En effet, petit à petit, les locations saisonnières remplacent les pieds de vacoa dans les cours, les restaurants s’installent et la construction d’un hôtel quatre étoiles est prévue avec son cortège de routes et de parkings. C’est quand la mairie a décidé d’interdire l’accès aux jardins tellement appréciés des pique-niqueurs du week-end que la contestation a pris corps. D’abord initiée par le Collectif des Usagers des Jardins de Manapany, avant que l’ADPRH de Manapany (association des propriétaires, riverains et habitants de Manapany) ne lui emboite le pas.
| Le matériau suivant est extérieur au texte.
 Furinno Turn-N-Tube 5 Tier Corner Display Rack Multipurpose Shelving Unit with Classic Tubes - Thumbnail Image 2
Ils dénoncent de concert la construction d’un hôtel en zone rouge et sur une Znief (Zones Naturelles d’Intérêt écologique faunistique et floristique) de type 1. Ils dénoncent également la fermeture des jardins et leur possible privatisation. Ils s’inquiètent encore de la transformation de deux chemins de terre en routes goudronnées. « Ce chemin sera élargi à quatorze mètres, avec ses voies de circulation et ses trottoirs », montre Tiphaine, qui couvre de ses bras écartés toute la largeur du chemin actuel. Plus haut, une autre voie d’accès à l’hôtel mangera une bande de deux mètres cinquante sur la cour de la petite école maternelle.
Patrimoine en danger
Tout ça en faisant fi de la présence d’une espèce de lézard endémique, le célèbre et très menacé Phelsuma inexpectata, autrement nommé gecko vert de Manapany. Faisant fi également de la présence de végétaux indigènes ou endémiques tout aussi rares dans leur milieu naturel. C’est ainsi que, dimanche dernier, une animation à destination du public et de la connaissance scientifique a été organisée: l’inventaire de la flore, notamment dans la zone sub-littorale de la baie de Mananpany. On ne pourra plus dire que l’on ne savait pas, ou comme le maire de Saint-Pierre pour Casabona qu’ « il n’y avait que de la savane ».
Sous la houlette d’un botaniste de profession, les techniques scientifiques de comptage et de géolocalisation ont été exposées au public et des dizaines d’espèces végétales ont été répertoriées. Dont des pieds sauvages de latanier rouge, de palmiste blanc, de saliette, de takamaka bord de mer, ou encore du côté du four à chaux des très discrètes mais très rares Euphorbia viridula ou encore Dichondra repens. Quelque soixante-dix espèces ont été dénombrées, sans compter quelques jeunes lézards verts, peut-être les derniers de leur espèce, emportés avec leur milieu naturel dans le tourbillon des toupies à béton.
Trois plaintes ont été déposées, afin de tenter de contrer la construction de l’hôtel, mais aussi demander la réouverture des jardins. La première pour accéder aux titres de propriété des jardins que la mairie prétend détenir mais ne fournit pas, une deuxième pour faire reconnaitre le caractère public dudit jardin, et enfin l’illégalité des travaux de murs et de barrières qui interdisent l’accès aux jardins.